According to a recently released report from the Center for American Progress (CAP), millions of Americans are nowhere near having enough money for a comfortable retirement, and they will be forced to lower their standard of living, perhaps drastically, once they stop working.
The report contains this eye-opening statistic: 31 percent of Americans reported having no retirement savings at all. No 401(k) plan, no pension plan, no IRA and no bank account directly targeted for their retirement. But even for those who have saved, the report shows that, after excluding households that had saved nothing, the median account balance of near-retirement households was $104,000. That portends a meager standard of living in retirement.
The CAP report echoes a similar recent survey by financial services organization TIAA-CREF. In their study, the alarming news was that the saved-nothing-at-all segment Americans is increasing: 29 percent now versus 21 percent at the start of 2014.

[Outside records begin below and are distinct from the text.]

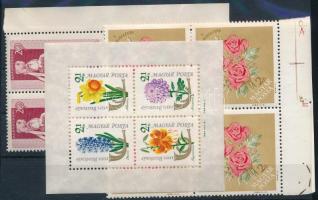 1963 Kis tétel, benne Népviseletek, Bélyegnap és Nagy idők - nagy események többpéldányos sorok, összefüggések 17 db borítékban és egy stecklapon (19.900)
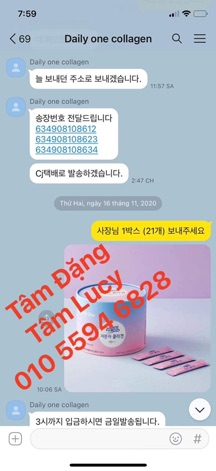 Collagen bột Daily One Realme Collagen Stick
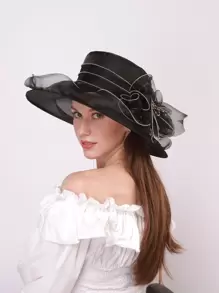 Sombrero minimalista - Negro - Ver 1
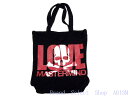 mastermind JAPAN(マスターマインドジャパン)『EVE THE MASTERMIND FINAL』「mastermind LOVE」TOTE BAG(トートバッグ)(ブラックxレッド)【新品】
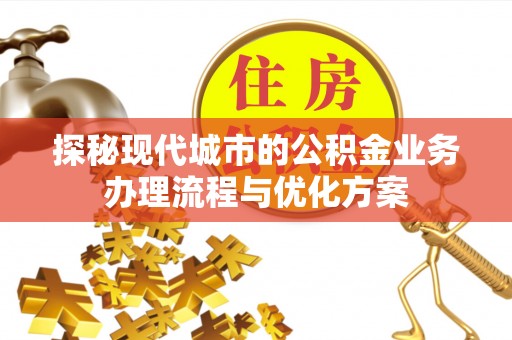岳普湖探秘现代城市的公积金业务办理流程与优化方案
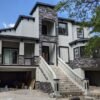 Exterior foam trim on house windows and doors and garage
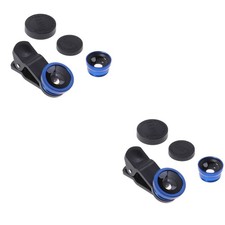  Set of 2 Weitwinkel Linsen Makroobjektiv Für Telefon Vorsatzlinse Smartphone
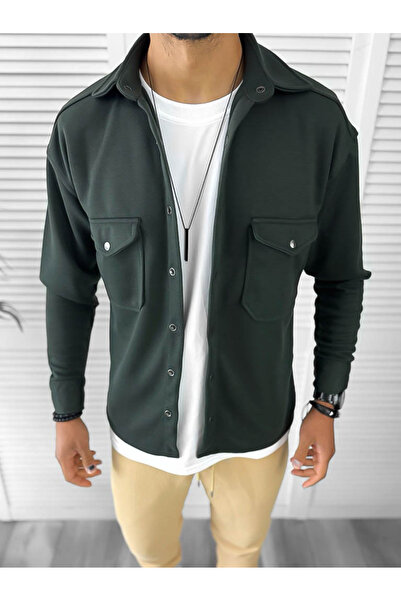 dehaine Men's shirt, casual, khaki, 12910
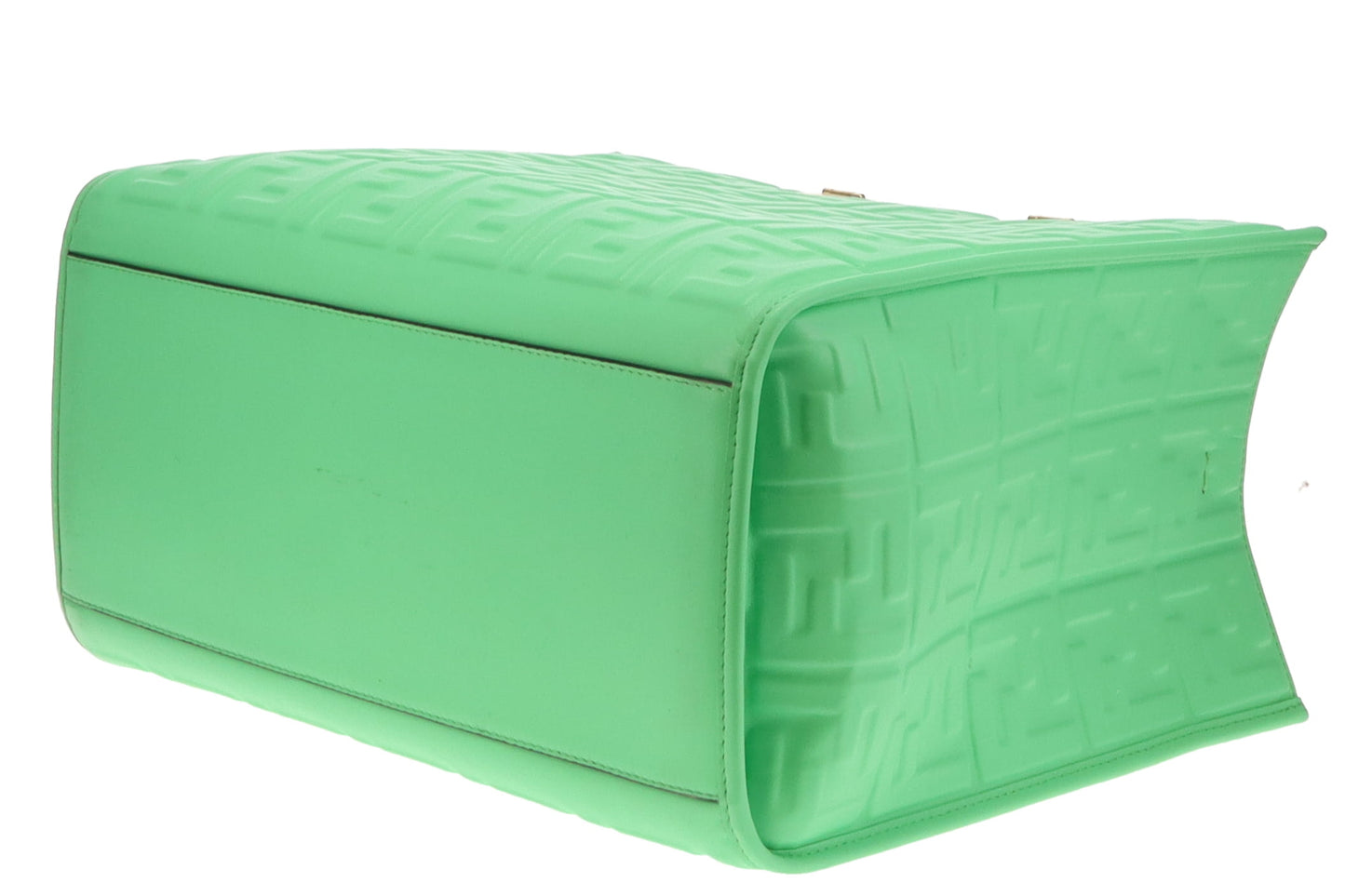 Fendi Edamame Green FF Leather Sunshine Tote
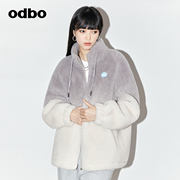 odbo欧迪比欧原创设计时尚保暖羊，毛绒外套秋冬男女气质百搭上衣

Clearly, the situation is worse today than it has been for previous generations. Part of the blame rests with the fact that only 65 percent of private-sector workers had access to a retirement plan through their jobs, and alarmingly, only 48 percent participate in one when it’s available.
Apparently the urge to spend now has overtaken the willingness to save for later. Blame it on more sophisticated advertising, peer pressure, a lack of financial literacy – whatever the cause, the situation is dire.
As a result of the paltry savings rate, millions of Americans will likely have to rely on others for financial support – family, charities, and government programs. This is not a good development, and it’s especially serious if you are one of those savings-less folks.
What to do?
First, save, and then save some more. Seriously. And unless you know that you are well into the top 1%, that advice applies to you regardless of your age or your current job situation.
A penny saved is a penny earned may or may not have been said by Benjamin Franklin, but the message is dead on correct. Money spent on an expensive meal, a designer bag, or a car that is more for your ego than the practical side of your brain, is money that is gone forever. It’s money that cannot grow for you, money that cannot compound over time.
The Magic of Compounding
As you may have heard, the power of compounding is a miraculous thing. However, it’s only miraculous if you give it time to work for you. Let’s look at a $ 10,000 nest egg earning 8% per year (that’s within the long-term annualized rate of return for the U.S. stock markets). Your $ 10,000 becomes $ 20,000 in just over ten years. Ten years later that $ 20,000 is $ 40,000. And so on.
Next, if your place of employment offers a 401(k) plan, use it. And use it to its maximum, especially if it has any sort of matching component. The phrase “leaving money on the table” directly applies to people who don’t take the company’s money. It’s free money.
If you have no retirement plan at work, open an Individual Retirement Account immediately, and fund your IRA to the maximum allowed. There are different types of IRAs — traditional IRAs, Roth IRAs, SEP IRAs, and SIMPLE IRAs. A quick internet search will tell you the pros, cons and specs of each type.
The step after that is to have a plan. Figure out where you are on the road to your retirement by making an inventory of all your assets and all your liabilities. Now, during tax season, is the perfect time to do this. Sketch out at least a rudimentary budget, one that shows how much income you earn, how much you typically spend in a month, and how much you can save.
That last number, the amount you can sock away, is the most important one for your long-term security. Look at it. Can you contribute more to your nest egg?
Once you decide on an amount for saving, stick to it. If possible, use the old technique of paying yourself first. When you sit down to pay your bills, write the first check to your nest egg.